La respuesta verdadera habría sido ocho meses. La oficial, poco más de cinco. Los meses del medio habíamos permanecido ocultos, obligados por aquello que le sucedió a papá.
—Casi seis meses. A ver si esta vez es la definitiva. Tengo ganas de asentarme un poco. Pero cuénteme tú Comesaña, ¿qué haces por estos lugares?
Desviar la conversación siempre había sido la mejor estrategia.
—Pues ya ves, tío, mis padres, que decían que estaba juntándome con malas compañías y me han mandado aquí con unos familiares. ¡Me tienen más controlado que en la cárcel! Con lo bien que se está en Alicante. ¡Aquí hace un frío de mil demonios!
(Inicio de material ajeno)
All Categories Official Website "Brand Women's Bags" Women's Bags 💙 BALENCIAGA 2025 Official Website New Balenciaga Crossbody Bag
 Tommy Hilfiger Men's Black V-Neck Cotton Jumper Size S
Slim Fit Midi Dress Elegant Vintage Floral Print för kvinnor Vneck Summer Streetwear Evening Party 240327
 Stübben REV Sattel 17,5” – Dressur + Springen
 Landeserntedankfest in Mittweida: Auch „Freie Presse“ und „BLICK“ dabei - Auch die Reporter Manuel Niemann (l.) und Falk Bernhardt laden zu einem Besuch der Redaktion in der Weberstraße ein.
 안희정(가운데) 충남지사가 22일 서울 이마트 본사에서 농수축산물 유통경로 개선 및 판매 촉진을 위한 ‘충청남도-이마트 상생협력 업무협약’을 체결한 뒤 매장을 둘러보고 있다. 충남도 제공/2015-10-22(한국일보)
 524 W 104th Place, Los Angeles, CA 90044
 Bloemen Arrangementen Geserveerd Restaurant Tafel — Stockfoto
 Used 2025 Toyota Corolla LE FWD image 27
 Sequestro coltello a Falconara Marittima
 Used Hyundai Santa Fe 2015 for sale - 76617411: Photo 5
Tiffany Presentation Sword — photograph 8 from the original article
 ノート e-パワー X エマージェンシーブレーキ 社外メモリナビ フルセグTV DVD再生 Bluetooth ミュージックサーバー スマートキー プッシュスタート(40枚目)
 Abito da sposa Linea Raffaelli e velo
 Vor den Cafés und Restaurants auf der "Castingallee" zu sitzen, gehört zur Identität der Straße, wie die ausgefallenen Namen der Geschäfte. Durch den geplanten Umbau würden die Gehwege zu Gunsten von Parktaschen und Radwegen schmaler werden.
Ahora ya sabía de dónde era Comesaña. Buena época la de Alicante. Recuerdo que en aquella ocasión papá vino a buscarnos al colegio y por eso tuvimos que dar explicaciones.
—Y no te he contado lo mejor, Jarocho. El martes pasado me encontré a la Jirafa, la de lengua. ¿La recuerdas? Más alta que un día sin pan. Si es que el mundo es un pañuelo. ¿No te parece increíble?
Un escalofrío me recorrió de arriba a abajo. Aquella mujer había sido la causa de que saliéramos por patas con tanta prisa. Papá nunca quiso concretar más, pero no, no podía ser una casualidad que estuviera allí también. Debía de deshacerme de Comesaña y compartir aquella información lo antes posible.